Monday, December 5, 2011

FW: And with... uh.... you.. uh... your... uh.... spirit....

 

Et cum spiritu tuo…

 

Feed: Pastoral Meanderings
Posted on: Sunday, December 04, 2011 8:02 AM
Author: noreply@blogger.com (Pastor Peters)
Subject: And with... uh.... you.. uh... your... uh.... spirit....

 

Perhaps the biggest change in the Roman Mass translation begun on November 27 was the response to the words "The Lord be with you..."  It changed from "you, too, padre" uh... I mean it changed from "and also with you" to "And with your spirit."  We Lutherans might take note here because if it catches on we might change, too.  It was already under discussion before LSB was published in 2006 (the Roman Catholic Church took nearly a decade to finish this new translation and our Lutheran folks had a clue to this change).

What I thought was funny was the media coverage of how dramatic these changes were/are and how the whole future of Rome rested on four short words.  Well, it might interest you to know that the old mass translation was out of step with all the other languages into which the Latin was translated.  Yes, the Latin came first in the Roman Church and still does -- all other languages are translations of the uniform Latin text.

The Latin always had "et cum spiritu tuo" -- the question was how best to translate this phrase. The other languages were always more literal than the English translation that followed Vatican II.  So the French (et avec votre esprit), Polish (i z duchem twoim), Italian (e con il tuo spirito), Spanish (y con tu espíritu), German (und mit deinem Geiste), Slovak (s duchom tvojim), Danish (Og med din ånd), and doubtless all other national translalions ALWAYS had it this way -- and with your spirit.

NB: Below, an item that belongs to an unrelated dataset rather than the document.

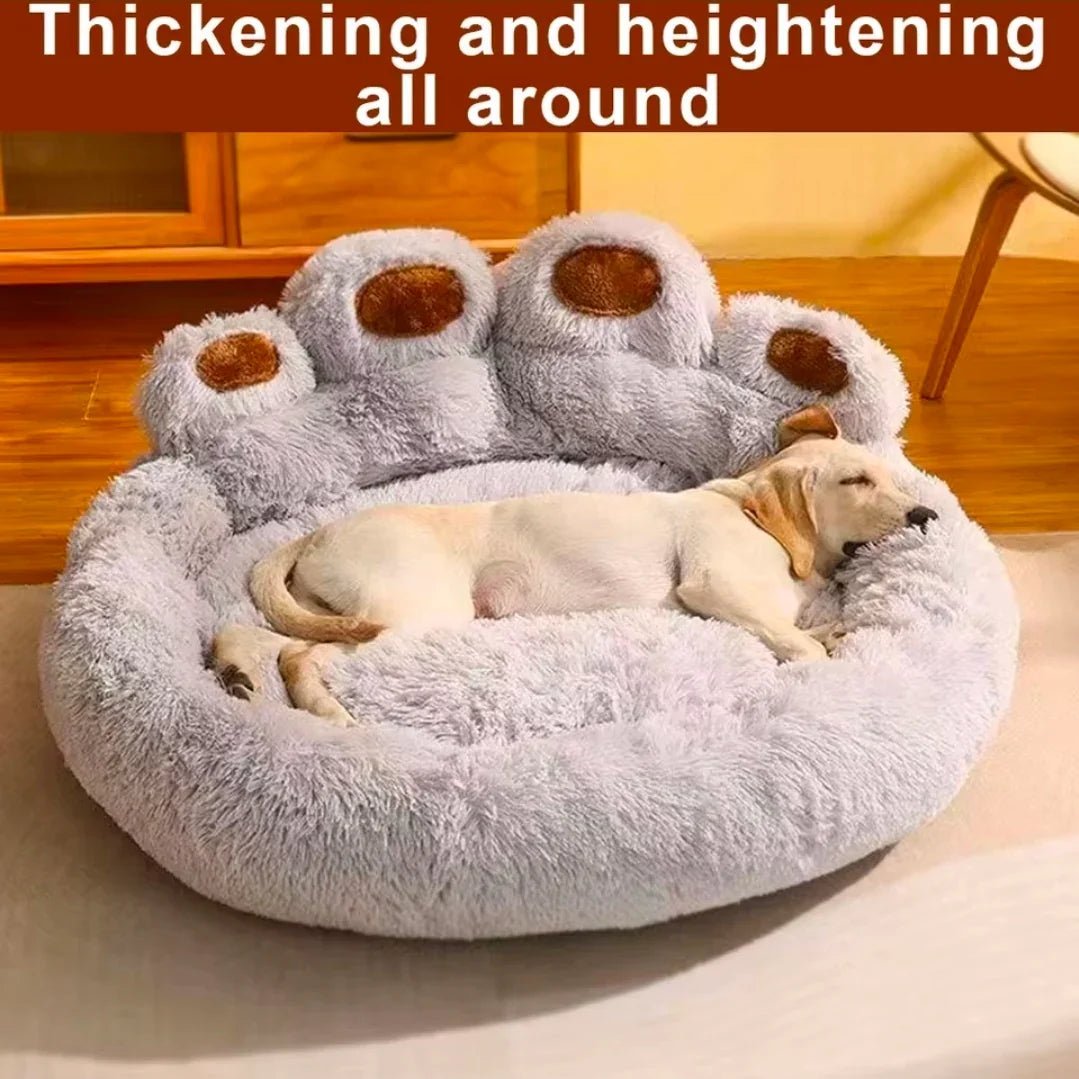 Plush Paw Big Bed | Luxury Home Accessories | Heulog Glow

Now I have no horse in this race.  LSB has chosen 'and also with you' and this is what will stand until or if the next book changes things.  But I am amazed at how radical this "new" translation has become for folks on both sides of the Vatican II divide.  You want radical?  Take a look at the shift from the Common Service of 1888 (in TLH and SBH variations) and the form of LBW or LW.  Now that was a shift.  And, we survived.  Now to be sure, there are still cranky voices complaining about LBW/LW and insisting this was the demise of the church as we knew it.  But there are some fruits born of this liturgical change...

  1. The removal of page 5 -- the Order of Morning Worship without Communion -- has led to more frequent Eucharists across the Lutheran board and no longer is the dry mass the norm for Lutherans on Sunday morning.  It was not the only cause for this change, but it did help big time...
  2. The awakening to a whole new body of hymnody and some pretty darn good hymn writers that has dramatically enhanced the connection between what we sing in the liturgy and what we hear in the lectionary.  We lost a few I wish we had not  but we gained a whole lot more.  To be sure, some of the new will not last but LSB has the strongest hymn section of any Lutheran hymnal today (including TLH).
  3. The vast majority of parishes have the new book.  No longer are we fractured between TLH and LW (with a few LBWs thrown in).  What could not have been done in 1982 was accomplished in 2006 and LW was one of the things that paved the way for a book that nearly all LCMS parishes call their hymnal (even if some of them don't use it all that often).

It took me six months to introduce LW to my first parish.  We learned not only the words but the music.  It became the church's book there, encouraged the shift to a weekly Eucharist, solidified the chanting of the liturgy by both Pastor and people, and we learned a ton of new hymns.  We moved from TLH through a period of a gospel hymnal (before my time) to the restored TLH and then LW.  It was a lot of change.  But that congregation rediscovered their Lutheran identity -- in good measure through that liturgical change.

It took one Sunday for the people to learn "and with your spirit" in the Roman Catholic corner of Christendom (perhaps because they said it 4-5 times in one mass).  Come on, you media types.  Where were you when real change hit the pews!  Why we Lutherans could have gotten this down pat by second inning of the Divine Service.  And it wasn't even new!  (But then, some of those changes introduced by LW were not so new, either.)  So Advent II is coming and you have another shot at the changes.  I expect there may be some fruits of this "new" more like the "old" mass in Rome... if you wait long enough, give it time, and use it as a teaching moment!  In this aspect of liturgical change, we are all in it together.